It is 'highly unlikely' that law firms will have to make further contributions to the Solicitors Indemnity Fund (SIF), it emerged this week.

The fund has reported an accumulated surplus of 33.6 million following the shortfall contribution of 25 million raised from the profession in September 2002.

SIF chairman Paul Marsh said: 'This really is excellent news.

The fund is financially stronger than it has been for many years and it is now highly unlikely that we will need to raise further contributions from the profession.'

In 1998, it emerged that the SIF had underestimated its claims liability by 450 million and a seven-year plan of payments was implemented, although last year it was able to levy a nil contribution.

The outcry over the shortfall ultimately led to the SIF's demise and the profession entering the open market.

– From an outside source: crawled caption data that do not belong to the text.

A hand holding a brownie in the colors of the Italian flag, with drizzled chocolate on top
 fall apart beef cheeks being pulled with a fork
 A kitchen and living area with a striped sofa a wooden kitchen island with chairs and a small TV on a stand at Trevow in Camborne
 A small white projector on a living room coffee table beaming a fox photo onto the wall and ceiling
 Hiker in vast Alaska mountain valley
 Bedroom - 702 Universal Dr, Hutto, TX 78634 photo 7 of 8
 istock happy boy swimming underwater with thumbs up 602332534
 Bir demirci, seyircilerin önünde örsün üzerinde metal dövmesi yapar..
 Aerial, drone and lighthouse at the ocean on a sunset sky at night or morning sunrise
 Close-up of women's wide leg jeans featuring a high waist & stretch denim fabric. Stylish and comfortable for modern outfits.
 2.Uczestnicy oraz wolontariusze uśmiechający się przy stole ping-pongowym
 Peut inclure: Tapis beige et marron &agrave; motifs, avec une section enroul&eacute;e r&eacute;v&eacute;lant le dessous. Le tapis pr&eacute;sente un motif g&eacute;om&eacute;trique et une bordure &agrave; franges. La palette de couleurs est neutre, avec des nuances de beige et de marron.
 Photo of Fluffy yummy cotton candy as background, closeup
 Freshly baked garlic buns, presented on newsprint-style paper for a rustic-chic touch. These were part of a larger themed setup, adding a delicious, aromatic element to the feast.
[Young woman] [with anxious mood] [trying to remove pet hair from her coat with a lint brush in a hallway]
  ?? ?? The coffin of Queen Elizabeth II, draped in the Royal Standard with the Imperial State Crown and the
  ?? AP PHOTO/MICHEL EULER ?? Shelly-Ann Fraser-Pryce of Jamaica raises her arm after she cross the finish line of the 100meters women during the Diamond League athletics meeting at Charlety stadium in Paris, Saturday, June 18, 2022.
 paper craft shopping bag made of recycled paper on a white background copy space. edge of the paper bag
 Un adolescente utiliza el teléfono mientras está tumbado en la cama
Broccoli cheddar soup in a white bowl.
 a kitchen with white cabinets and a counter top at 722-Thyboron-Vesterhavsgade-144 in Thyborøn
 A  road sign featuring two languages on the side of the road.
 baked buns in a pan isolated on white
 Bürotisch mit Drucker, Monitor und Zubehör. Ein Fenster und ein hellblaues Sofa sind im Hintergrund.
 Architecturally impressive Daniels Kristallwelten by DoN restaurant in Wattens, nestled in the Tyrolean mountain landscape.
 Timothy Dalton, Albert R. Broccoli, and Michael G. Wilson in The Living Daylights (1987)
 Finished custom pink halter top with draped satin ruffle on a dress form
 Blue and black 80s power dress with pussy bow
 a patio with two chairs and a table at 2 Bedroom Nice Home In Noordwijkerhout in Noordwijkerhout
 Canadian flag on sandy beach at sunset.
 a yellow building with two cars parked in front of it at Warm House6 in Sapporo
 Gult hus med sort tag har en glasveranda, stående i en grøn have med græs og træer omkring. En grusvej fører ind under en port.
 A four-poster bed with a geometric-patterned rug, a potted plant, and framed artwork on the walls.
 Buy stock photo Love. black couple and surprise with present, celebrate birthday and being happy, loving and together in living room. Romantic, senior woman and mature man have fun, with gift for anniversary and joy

Peter Farthing, chairman of the Law Society's indemnity insurance committee, said: 'The surplus is encouraging but there is still a long way to go before the end of the run-off period.'

Some uncertainty remains over the SIF, especially over the ultimate financial impact of the high level of precautionary notification made to the fund in the summer of 2000.

This will continue until at least 2006, when primary limitation expires.

The total number of claims dealt with during 2003 was 5,670, a 35% drop on the previous 12 months.

The SIF predicts that by 2010, it will be dealing with the residue of some 1,000 complex and high-value cases.

Meanwhile, work to define pan-European standards for professional indemnity insurance (PII) took a step forward recently at the Council of the Bars and Law Societies of Europe's (CCBE) second annual indemnity insurance conference, held in Paris.

The work is designed to meet concerns about the problems of different indemnity requirements for firms operating cross-border, which often leads to practices having to take out extra insurance to cover local offices.

The conference decided to prioritise the agreement of a 'difference in conditions' policy - which could be used as additional cover when the home PII fails to meet the standards of host requirements.

The news came as Guy Mansfield QC - the Bar Council's vice-chairman - sent a letter to the heads of all chambers urging barristers to consider whether their practices might require more indemnity cover than the bar's 250,000 minimum.